Metadata-Version: 2.1
Name: awlify
Version: 1.1.0
Summary: a simple utility to take in a sentence and output information about the AWL words in it
Home-page: https://github.com/lpmi-13/awlify-python
Author: Adam Leskis
Author-email: leskis@gmail.com
License: MIT
Platform: UNKNOWN
Classifier: License :: OSI Approved :: MIT License
Classifier: Programming Language :: Python :: 3
Classifier: Programming Language :: Python :: 3.6
Description-Content-Type: text/markdown
Requires-Dist: spacy (>=2.0.16)

# Awlify

[![made-with-python](https://img.shields.io/badge/Made%20with-Python3.6-1f425f.svg)](https://www.python.org/)
[![GitHub license](https://img.shields.io/github/license/Naereen/StrapDown.js.svg)](https://github.com/lpmi-13/awlify-python/blob/master/LICENSE)

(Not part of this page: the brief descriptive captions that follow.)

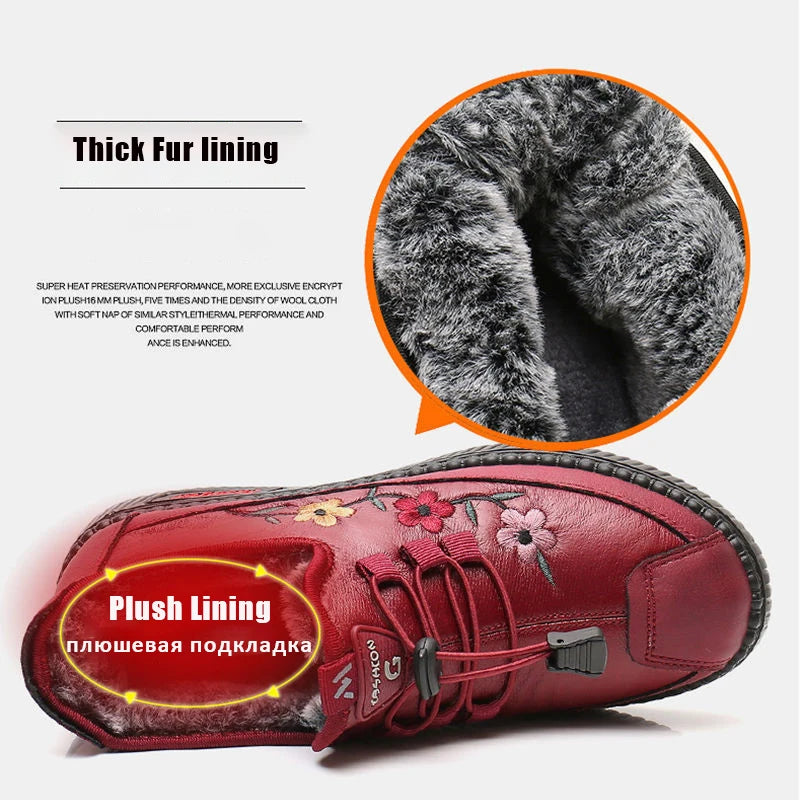 Zapatillas De Invierno Para Mamá | Mocasines Tipo Oxford Felpa Calidad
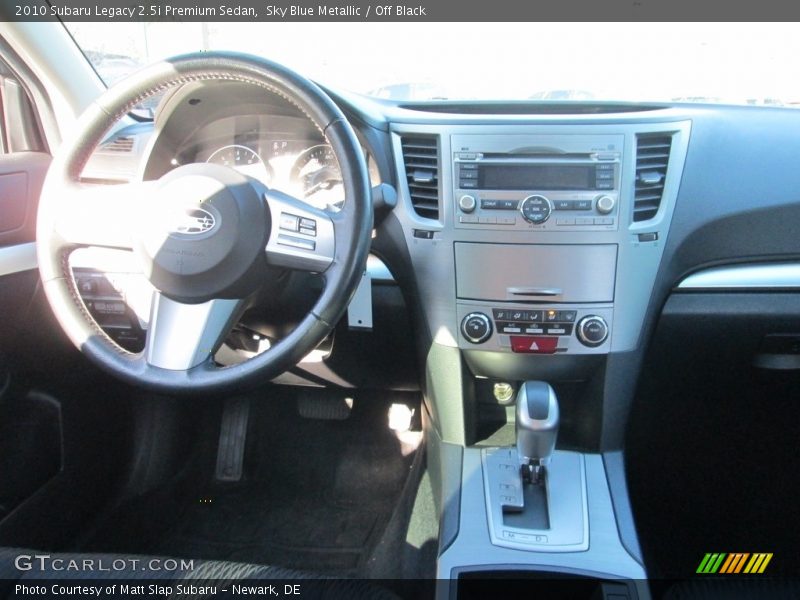 Sky Blue Metallic / Off Black 2010 Subaru Legacy 2.5i Premium Sedan
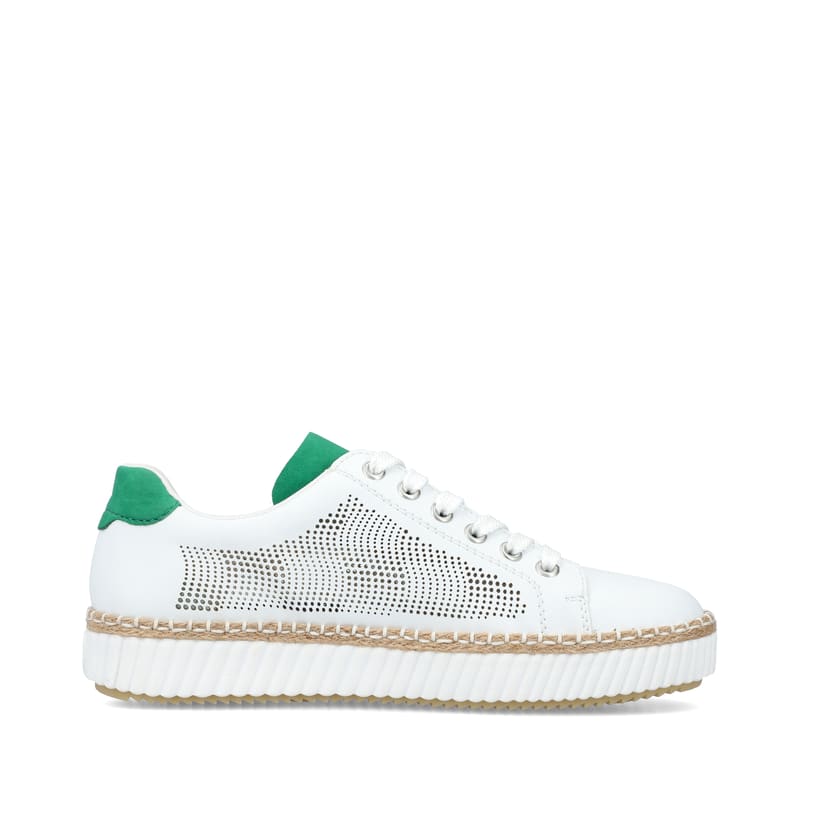 Rieker Artikelnummer M2945-80 Rieker Damen Sneaker Low eisweiss Weihnachtsangebot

A very basic tool that takes in a sentence of text and outputs
the same text, annotated with information about whether any of
its words are in the [Academic Word List](https://www.victoria.ac.nz/lals/resources/academicwordlist/information).

## installing
`pip install awlify`

and if you haven't used spacy on your system before, you'll need
to install the model we're using here with the command below:

`python -m spacy download en_core_web_sm`

## tests
`python -m unittest`

## command usage
```
from awlify import awlify

result = awlify('please inform me of the academic words in this sentence')

print(result)
{'data': {'sentence': 'please inform me of the academic words in this sentence', 'awl_words': [{'index': 5, 'word': 'academic', 'meta': {'head': 'academy', 'sublist': 5}}]}}
```

## expected input / output
output format:
```
{
  'data': {
    'sentence': 'THIS IS THE ORIGINAL SENTENCE',
    'awl_words': [
      {
        'index': INDEX_OF_AWL_WORD_FOUND,
        'word': 'AWL_WORD_FOUND',
        'meta': {
          'head': 'THE_HEADWORD_FROM_THE_AWL',
          'sublist': THE_AWL_SUBLIST_OF_THE_WORD
        }
      }
    ]
  }
}
```

example input for a simple sentence (no AWL words):
```
simple_sentence = awlify('this is a sentence')
```


example output for a simple sentence (no AWL words):
```
{
  'data': {
    'sentence': 'this is a sentence',
    'awl_words': []
  }
}
```

example input for a complex sentence (a few AWL words):
```
complex_sentence = awlify('the economic recovery is ongoing and potentially problematic')
```

example output for a complex sentence (a few AWL words):
```
{
  'data': {
    'sentence': 'the economic recovery is ongoing and potentially problematic',
    'awl_words': [
      {
        'index': 1,
        'word': 'economic',
        'meta': {
          'head': 'economy',
          'sublist': 1
        }
      },
      {
        'index': 2,
        'word': 'recovery',
        'meta': {
          'head': 'recover',
          'sublist': 6
        }
      },
      {
        'index': 6,
        'word': 'potentially',
        'meta': {
          'head': 'potential',
          'sublist': 2
        }
      }
    ]
  }
}
```

## NOTES

The current implementation of the sentence tokenization uses spacy,
and so it's a bit heavier than absolutely necessary, since we're
not taking advantage of any of the more advanced characteristics
of the package.

In theory, it could probably perform 98% as well with just a simple
regex, so I might add the option to do that in the future if there
aren't any real use cases for needing the full weight of spacy.

## REFERENCES
Coxhead, Averil (2000) A New Academic Word List. TESOL Quarterly, 34(2): 213-238.